Found 6 issues with FRR/OSPF in pfSense 2.5.1
-
@fireodo said in Found 6 issues with FRR/OSPF in pfSense 2.5.1:
@viktor_g said in Found 6 issues with FRR/OSPF in pfSense 2.5.1:
fix is ready: https://redmine.pfsense.org/issues/11768
The Link in the Fix does not work!
Try this patch: 80.diff
see https://docs.netgate.com/pfsense/en/latest/development/system-patches.html -
@viktor_g Hi Victor. I have also logged the ACCEPTFILTER prefix-list issue here:
https://redmine.pfsense.org/issues/11836
I will now investigate more thoroughly the deault behavior of Acess Control Lists, that seem to have switched from implicit deny at the end, to an implicit accept at the end, in my previous lab testing. If true (which seemed to be the case), that would also be another massive source of upgrade headaches.
-
@viktor_g said in Found 6 issues with FRR/OSPF in pfSense 2.5.1:
@fireodo said in Found 6 issues with FRR/OSPF in pfSense 2.5.1:
@viktor_g said in Found 6 issues with FRR/OSPF in pfSense 2.5.1:
fix is ready: https://redmine.pfsense.org/issues/11768
The Link in the Fix does not work!
Try this patch: 80.diff
see https://docs.netgate.com/pfsense/en/latest/development/system-patches.htmlThank you!
Kind regards,
fireodo -
@fireodo Phew! Last bug logged for my "issue #3" in this thread https://redmine.pfsense.org/issues/11841. I hammered away confirming that access lists now behave way differently in 2.5.x, defaulting to an implicit "permit any" rather than implicit "deny any".

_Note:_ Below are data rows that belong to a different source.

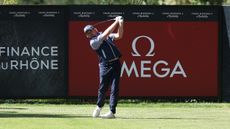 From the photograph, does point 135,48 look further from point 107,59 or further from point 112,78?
point 107,59

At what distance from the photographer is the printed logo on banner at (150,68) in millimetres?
19266

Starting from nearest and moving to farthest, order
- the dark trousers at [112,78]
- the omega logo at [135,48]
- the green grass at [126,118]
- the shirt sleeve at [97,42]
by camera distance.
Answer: the green grass at [126,118], the shirt sleeve at [97,42], the dark trousers at [112,78], the omega logo at [135,48]

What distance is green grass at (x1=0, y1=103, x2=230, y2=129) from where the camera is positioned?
12.1m

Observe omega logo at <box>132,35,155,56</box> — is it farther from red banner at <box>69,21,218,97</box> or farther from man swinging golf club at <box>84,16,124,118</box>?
man swinging golf club at <box>84,16,124,118</box>

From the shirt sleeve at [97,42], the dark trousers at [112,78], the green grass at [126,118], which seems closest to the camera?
the green grass at [126,118]

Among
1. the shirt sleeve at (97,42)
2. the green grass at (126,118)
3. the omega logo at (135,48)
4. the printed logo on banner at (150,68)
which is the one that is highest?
the shirt sleeve at (97,42)

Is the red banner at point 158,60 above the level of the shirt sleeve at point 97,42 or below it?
below

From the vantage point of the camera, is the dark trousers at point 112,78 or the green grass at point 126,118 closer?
the green grass at point 126,118

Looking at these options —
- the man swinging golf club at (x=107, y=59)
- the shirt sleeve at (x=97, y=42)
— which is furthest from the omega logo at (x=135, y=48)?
the shirt sleeve at (x=97, y=42)

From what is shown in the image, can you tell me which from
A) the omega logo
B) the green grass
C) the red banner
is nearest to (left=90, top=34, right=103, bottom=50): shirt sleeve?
the green grass

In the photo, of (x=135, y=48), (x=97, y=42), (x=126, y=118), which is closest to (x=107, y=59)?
(x=97, y=42)

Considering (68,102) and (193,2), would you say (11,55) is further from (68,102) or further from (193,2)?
(193,2)

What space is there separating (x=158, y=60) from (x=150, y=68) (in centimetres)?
29

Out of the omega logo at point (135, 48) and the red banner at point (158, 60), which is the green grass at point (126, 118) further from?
the omega logo at point (135, 48) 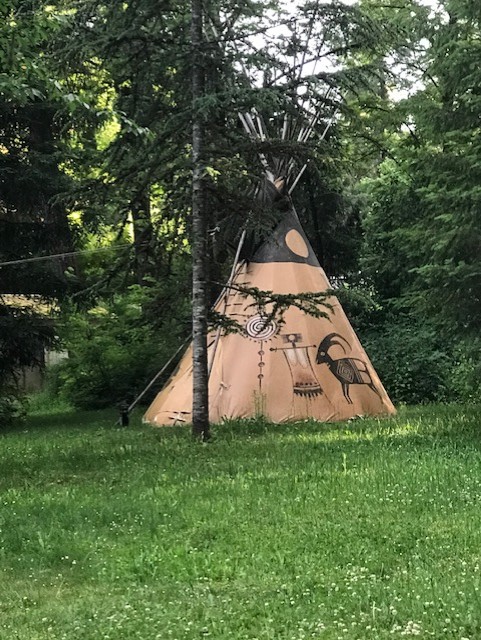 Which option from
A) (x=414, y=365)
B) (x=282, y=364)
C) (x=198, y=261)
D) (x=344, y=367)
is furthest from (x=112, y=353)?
(x=198, y=261)

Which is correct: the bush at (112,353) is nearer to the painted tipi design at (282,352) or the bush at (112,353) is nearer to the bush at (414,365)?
the painted tipi design at (282,352)

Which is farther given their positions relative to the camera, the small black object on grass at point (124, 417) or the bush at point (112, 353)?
the bush at point (112, 353)

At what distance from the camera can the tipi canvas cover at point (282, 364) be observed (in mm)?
13383

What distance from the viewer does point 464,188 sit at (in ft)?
33.3

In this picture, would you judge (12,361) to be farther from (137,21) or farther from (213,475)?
(213,475)

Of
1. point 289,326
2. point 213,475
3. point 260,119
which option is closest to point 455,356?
point 289,326

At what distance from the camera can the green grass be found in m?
4.21

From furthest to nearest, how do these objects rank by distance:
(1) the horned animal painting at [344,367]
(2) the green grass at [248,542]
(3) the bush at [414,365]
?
(3) the bush at [414,365], (1) the horned animal painting at [344,367], (2) the green grass at [248,542]

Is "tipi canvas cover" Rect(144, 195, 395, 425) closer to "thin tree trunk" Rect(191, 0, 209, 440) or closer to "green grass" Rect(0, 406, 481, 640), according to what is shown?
"thin tree trunk" Rect(191, 0, 209, 440)

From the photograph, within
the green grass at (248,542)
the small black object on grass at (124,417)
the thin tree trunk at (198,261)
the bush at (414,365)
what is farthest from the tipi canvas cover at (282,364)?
the bush at (414,365)

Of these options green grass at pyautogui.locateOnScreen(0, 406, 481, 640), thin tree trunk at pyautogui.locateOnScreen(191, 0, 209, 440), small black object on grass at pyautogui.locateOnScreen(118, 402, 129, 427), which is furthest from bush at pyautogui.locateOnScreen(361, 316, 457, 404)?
thin tree trunk at pyautogui.locateOnScreen(191, 0, 209, 440)

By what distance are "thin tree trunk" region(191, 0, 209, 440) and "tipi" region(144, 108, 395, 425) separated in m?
1.87

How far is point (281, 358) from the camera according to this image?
13711 mm

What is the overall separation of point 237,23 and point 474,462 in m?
8.29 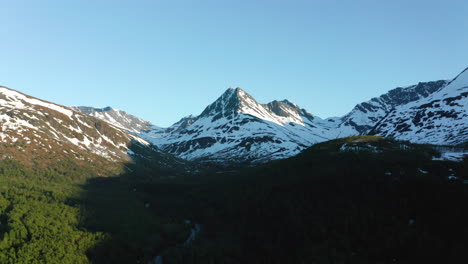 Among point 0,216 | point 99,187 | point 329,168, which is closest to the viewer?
point 0,216

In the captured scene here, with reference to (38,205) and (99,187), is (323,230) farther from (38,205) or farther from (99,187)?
(99,187)

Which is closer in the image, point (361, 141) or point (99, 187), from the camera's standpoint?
point (99, 187)

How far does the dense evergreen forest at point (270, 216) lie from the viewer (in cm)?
8719

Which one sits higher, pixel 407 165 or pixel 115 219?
pixel 407 165

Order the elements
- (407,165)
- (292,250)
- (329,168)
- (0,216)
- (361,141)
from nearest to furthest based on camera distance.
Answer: (292,250) → (0,216) → (407,165) → (329,168) → (361,141)

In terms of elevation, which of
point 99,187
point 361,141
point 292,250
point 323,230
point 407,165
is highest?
point 361,141

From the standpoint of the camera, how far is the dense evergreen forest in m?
87.2

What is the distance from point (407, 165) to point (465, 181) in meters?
23.7

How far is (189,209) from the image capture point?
14450cm

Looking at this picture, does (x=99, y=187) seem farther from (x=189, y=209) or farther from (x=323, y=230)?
(x=323, y=230)

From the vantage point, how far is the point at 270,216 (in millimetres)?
122375

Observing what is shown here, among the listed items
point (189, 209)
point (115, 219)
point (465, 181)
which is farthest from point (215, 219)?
point (465, 181)

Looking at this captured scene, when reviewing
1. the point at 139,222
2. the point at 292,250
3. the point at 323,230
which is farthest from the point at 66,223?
the point at 323,230

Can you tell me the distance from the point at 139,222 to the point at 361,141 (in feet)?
405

This has huge ramifications for upgraders. It hit me like the proverbial tonne of bricks. Another reason why people have griped to me about the 2.5.x and routing issues I'd say.
-
@gcon said in Found 6 issues with FRR/OSPF in pfSense 2.5.1:
I will do more lab testing on those with the intention of logging those as well.
I have this issue with a client. Running FRR ospf and peering over ipsec VTI. Some routes stop working for no reason. They are in the ffr daemon but do not populate the route table under diagnostic>routes. Reseting ospf daemon fixes the issue. Also checked the "ignore ipsec restart events" to no avail.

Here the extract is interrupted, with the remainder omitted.